Recapitulemos. La Eleanor del título se ha ido a vivir a Florida con Bessie, su mejor amiga desde hace 70 años, una vez que las dos han quedado viudas (la naturaleza de esa relación no se precisa del todo). Pero cuando Bessie muere, Eleanor tiene que volver a Nueva York con una hija que lo primero que hace es buscarle ocupaciones. No se sabe muy bien cómo pero Eleanor acaba formando parte de un grupo de supervivientes del Holocausto que cuentan sus experiencias. Eleanor profesa la religión judía porque su marido era judío, pero ha nacido en Estados Unidos y la experiencia del Holocausto solo la conoce por los relatos de la propia Bessie.

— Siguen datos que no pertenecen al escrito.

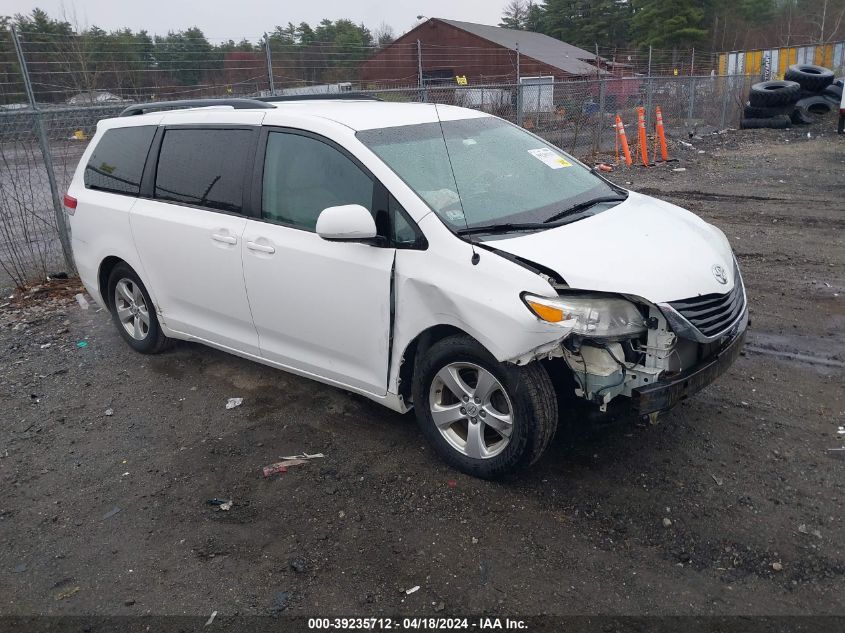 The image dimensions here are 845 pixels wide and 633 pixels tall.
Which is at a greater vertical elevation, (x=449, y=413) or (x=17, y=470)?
(x=449, y=413)

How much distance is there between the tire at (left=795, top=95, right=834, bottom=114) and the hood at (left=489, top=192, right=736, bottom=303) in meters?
20.3

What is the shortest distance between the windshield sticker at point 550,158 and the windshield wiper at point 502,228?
3.06 feet

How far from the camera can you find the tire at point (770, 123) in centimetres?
1995

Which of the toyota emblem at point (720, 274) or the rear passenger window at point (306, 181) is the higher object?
the rear passenger window at point (306, 181)

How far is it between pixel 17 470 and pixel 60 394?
1.11 metres

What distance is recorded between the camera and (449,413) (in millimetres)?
3635

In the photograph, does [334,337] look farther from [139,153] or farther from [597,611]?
[139,153]

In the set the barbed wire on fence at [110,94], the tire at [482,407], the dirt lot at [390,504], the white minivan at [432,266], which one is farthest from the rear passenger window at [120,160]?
the tire at [482,407]

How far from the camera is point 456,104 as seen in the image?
590 inches

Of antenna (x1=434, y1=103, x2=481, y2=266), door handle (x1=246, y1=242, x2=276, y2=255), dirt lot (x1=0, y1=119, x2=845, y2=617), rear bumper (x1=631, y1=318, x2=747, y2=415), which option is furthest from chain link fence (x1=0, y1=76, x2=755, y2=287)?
rear bumper (x1=631, y1=318, x2=747, y2=415)

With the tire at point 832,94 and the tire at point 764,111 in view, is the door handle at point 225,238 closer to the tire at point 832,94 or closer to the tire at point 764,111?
the tire at point 764,111

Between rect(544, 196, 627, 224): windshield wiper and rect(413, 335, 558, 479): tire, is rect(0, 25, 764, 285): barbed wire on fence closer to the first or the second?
rect(544, 196, 627, 224): windshield wiper

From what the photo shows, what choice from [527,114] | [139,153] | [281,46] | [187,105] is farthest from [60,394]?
[527,114]

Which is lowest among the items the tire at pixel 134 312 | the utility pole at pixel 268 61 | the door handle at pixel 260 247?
the tire at pixel 134 312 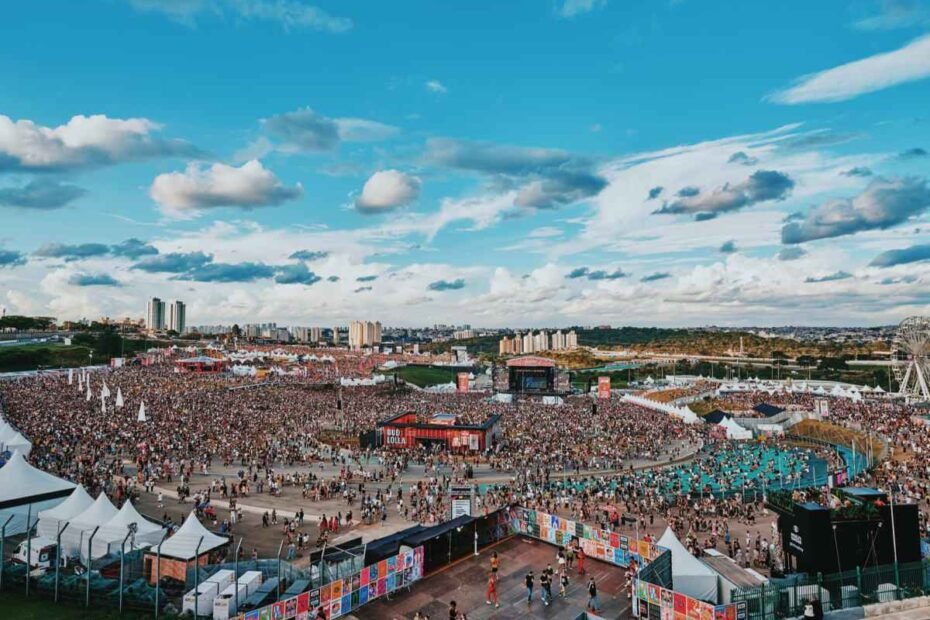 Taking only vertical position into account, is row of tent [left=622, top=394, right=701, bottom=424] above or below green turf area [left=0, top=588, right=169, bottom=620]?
below

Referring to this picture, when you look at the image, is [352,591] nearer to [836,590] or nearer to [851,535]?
[836,590]

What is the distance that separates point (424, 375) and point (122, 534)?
97147 mm

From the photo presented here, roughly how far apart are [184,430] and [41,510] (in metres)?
21.6

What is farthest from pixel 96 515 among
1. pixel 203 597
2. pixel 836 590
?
pixel 836 590

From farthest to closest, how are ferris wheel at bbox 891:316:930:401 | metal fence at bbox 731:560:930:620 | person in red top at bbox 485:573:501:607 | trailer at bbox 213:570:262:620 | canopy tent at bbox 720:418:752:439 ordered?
ferris wheel at bbox 891:316:930:401
canopy tent at bbox 720:418:752:439
person in red top at bbox 485:573:501:607
trailer at bbox 213:570:262:620
metal fence at bbox 731:560:930:620

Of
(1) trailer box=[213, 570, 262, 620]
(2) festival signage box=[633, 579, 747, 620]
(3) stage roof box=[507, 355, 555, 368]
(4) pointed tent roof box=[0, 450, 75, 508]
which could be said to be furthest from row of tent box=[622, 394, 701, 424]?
(4) pointed tent roof box=[0, 450, 75, 508]

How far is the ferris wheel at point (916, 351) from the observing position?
199 ft

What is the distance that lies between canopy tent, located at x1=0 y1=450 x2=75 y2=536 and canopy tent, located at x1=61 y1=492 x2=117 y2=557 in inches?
74.3

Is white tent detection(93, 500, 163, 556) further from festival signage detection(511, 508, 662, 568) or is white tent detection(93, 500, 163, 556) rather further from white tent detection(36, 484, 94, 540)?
festival signage detection(511, 508, 662, 568)

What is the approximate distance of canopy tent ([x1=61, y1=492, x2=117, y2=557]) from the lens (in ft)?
52.9

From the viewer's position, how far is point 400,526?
2253 cm

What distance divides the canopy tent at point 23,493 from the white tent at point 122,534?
3.10 meters

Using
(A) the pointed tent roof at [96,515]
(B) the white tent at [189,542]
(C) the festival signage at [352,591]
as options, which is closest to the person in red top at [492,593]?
(C) the festival signage at [352,591]

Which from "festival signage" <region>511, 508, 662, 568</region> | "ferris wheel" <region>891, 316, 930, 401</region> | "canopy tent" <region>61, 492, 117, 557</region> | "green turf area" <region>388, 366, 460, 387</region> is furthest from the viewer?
"green turf area" <region>388, 366, 460, 387</region> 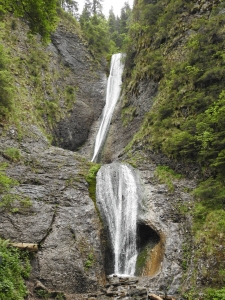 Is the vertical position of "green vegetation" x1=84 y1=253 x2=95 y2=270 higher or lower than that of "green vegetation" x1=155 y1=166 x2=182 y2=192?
lower

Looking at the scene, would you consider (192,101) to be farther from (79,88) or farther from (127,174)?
(79,88)

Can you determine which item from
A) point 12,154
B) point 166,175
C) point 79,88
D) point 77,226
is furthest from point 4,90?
point 79,88

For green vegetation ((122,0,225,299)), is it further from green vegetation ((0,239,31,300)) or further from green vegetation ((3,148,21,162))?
green vegetation ((3,148,21,162))

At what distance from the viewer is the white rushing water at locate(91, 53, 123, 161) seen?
25.9 metres

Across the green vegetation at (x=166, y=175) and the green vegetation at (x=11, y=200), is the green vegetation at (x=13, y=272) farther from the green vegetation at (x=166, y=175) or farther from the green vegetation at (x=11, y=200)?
the green vegetation at (x=166, y=175)

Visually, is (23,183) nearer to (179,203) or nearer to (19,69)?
(179,203)

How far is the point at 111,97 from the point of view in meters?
30.7

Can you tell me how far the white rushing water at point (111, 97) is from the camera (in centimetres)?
2594

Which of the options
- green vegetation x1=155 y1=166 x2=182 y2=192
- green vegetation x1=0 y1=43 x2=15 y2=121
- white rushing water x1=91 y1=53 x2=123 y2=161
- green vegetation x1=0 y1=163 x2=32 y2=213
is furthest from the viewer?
white rushing water x1=91 y1=53 x2=123 y2=161

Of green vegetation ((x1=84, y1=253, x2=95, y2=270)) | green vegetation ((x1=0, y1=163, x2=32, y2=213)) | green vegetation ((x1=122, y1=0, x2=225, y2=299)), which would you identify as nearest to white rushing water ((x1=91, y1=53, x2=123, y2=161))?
green vegetation ((x1=122, y1=0, x2=225, y2=299))

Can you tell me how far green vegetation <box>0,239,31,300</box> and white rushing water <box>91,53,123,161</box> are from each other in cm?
1513

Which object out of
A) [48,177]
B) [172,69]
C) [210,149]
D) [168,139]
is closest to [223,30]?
[172,69]

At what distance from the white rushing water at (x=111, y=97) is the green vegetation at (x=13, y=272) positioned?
15.1 m

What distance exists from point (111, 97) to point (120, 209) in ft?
62.4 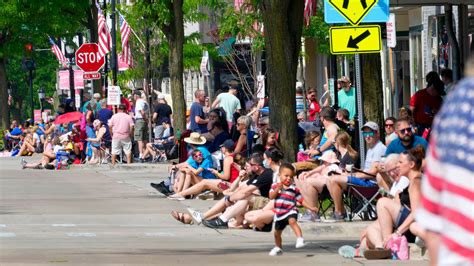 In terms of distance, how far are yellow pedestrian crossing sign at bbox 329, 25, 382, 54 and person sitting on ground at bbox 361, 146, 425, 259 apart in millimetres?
3169

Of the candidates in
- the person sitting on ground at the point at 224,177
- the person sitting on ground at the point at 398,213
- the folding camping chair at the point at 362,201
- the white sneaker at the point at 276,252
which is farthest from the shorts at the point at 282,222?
the person sitting on ground at the point at 224,177

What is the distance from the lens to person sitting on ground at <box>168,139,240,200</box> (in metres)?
22.4

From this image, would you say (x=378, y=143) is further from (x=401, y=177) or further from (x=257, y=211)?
(x=401, y=177)

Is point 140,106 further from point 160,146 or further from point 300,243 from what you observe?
point 300,243

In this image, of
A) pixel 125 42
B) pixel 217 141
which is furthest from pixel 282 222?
pixel 125 42

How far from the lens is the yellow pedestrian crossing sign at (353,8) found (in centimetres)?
1681

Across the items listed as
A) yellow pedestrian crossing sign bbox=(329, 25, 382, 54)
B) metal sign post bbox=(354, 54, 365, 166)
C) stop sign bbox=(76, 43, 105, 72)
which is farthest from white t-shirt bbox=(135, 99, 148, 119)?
yellow pedestrian crossing sign bbox=(329, 25, 382, 54)

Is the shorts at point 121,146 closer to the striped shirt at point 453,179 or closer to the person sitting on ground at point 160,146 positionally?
the person sitting on ground at point 160,146

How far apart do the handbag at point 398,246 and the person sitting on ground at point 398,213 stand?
0.21ft

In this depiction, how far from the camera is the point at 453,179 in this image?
3740 millimetres

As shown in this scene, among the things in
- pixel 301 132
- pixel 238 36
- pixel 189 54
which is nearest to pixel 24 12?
pixel 189 54

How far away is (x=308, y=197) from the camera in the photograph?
17219 mm

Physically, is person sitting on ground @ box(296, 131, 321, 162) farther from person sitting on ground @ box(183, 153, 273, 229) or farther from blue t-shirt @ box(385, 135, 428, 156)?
blue t-shirt @ box(385, 135, 428, 156)

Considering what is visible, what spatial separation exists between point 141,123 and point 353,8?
22.2 meters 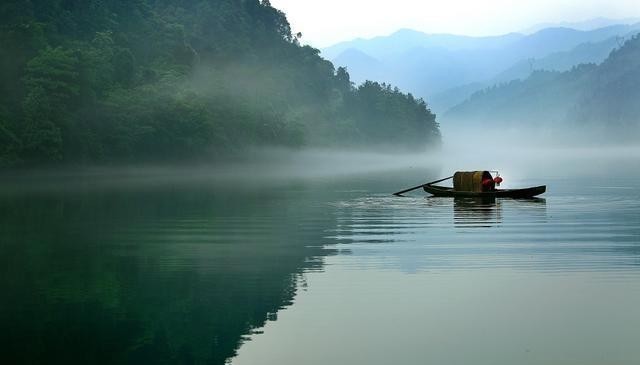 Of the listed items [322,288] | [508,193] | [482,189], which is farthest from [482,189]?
[322,288]

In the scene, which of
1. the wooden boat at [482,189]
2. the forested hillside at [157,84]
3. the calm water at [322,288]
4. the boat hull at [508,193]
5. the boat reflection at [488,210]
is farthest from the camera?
the forested hillside at [157,84]

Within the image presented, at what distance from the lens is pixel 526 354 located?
11812 millimetres

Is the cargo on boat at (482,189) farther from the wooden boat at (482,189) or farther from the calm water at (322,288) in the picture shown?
the calm water at (322,288)

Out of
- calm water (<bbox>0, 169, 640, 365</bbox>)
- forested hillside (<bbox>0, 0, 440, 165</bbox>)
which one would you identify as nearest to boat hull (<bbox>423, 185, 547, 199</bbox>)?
calm water (<bbox>0, 169, 640, 365</bbox>)

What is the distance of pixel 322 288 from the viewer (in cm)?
1642

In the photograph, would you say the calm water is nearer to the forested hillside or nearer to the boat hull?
the boat hull

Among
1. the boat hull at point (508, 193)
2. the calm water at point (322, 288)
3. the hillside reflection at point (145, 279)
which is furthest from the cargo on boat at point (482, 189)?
the hillside reflection at point (145, 279)

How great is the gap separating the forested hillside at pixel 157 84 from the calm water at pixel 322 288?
143 ft

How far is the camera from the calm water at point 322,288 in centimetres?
1227

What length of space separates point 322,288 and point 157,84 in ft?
271

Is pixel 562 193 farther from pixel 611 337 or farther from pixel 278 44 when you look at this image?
pixel 278 44

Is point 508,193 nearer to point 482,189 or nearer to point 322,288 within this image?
point 482,189

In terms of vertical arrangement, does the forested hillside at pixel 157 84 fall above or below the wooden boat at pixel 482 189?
above

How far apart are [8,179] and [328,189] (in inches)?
971
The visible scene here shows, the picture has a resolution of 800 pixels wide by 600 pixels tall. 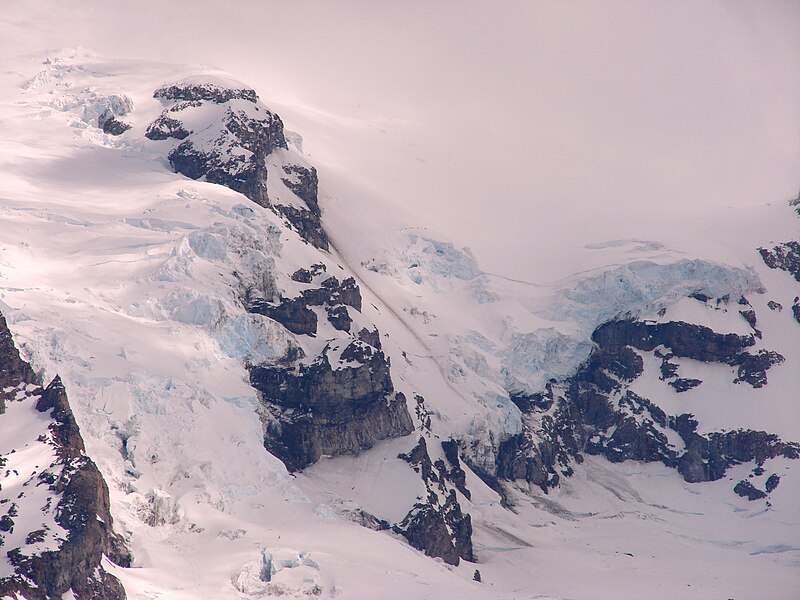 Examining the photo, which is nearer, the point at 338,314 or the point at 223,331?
the point at 223,331

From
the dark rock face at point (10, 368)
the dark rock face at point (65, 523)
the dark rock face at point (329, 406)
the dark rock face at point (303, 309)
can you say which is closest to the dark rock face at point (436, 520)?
the dark rock face at point (329, 406)

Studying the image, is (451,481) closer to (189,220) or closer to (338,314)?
(338,314)

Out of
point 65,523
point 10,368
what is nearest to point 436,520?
point 10,368

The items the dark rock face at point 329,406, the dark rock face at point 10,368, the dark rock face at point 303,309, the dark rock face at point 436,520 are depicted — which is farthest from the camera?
the dark rock face at point 303,309

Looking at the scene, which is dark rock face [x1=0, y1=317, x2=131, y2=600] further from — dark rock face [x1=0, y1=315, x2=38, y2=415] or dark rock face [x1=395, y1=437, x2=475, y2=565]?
dark rock face [x1=395, y1=437, x2=475, y2=565]

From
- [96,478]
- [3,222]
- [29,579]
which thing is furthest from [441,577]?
[3,222]

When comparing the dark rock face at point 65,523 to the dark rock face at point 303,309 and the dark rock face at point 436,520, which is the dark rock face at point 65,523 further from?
the dark rock face at point 303,309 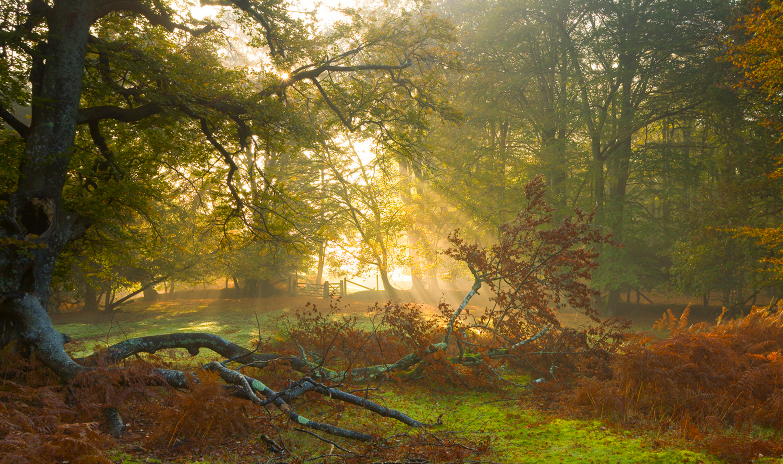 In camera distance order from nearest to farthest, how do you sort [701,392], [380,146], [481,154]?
[701,392] < [380,146] < [481,154]

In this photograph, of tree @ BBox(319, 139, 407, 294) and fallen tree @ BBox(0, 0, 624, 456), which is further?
tree @ BBox(319, 139, 407, 294)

Así que ahí tenemos a Eleanor, gran y emotiva narradora que seduce a su grupo de supervivientes del Holocausto, pero también a una joven periodista que intenta superar el duelo por la muerte de su madre. El conflicto se resuelve con una más que notable elegancia, entendiendo que lo importante de esta película (de su guion) no es tanto el suspense de saber cuándo descubrirán la impostura de Eleanor sino poner sobre la mesa un tema muy conflictivo: qué importa más, la veracidad del testimonio o la del testigo. Eleanor relata unos hechos ciertos, poniendo voz a quién ya no puede proporcionar ese testimonio. Ella habrá podido suplantar a Bessie, pero no ha traicionado su experiencia. Lo mejor que puede decirse de Johansson, la directora, es que ella también ha dejado que hablase el guion y no ha interferido en su discurso. Otra cosa es que Cannes precise de estas películas.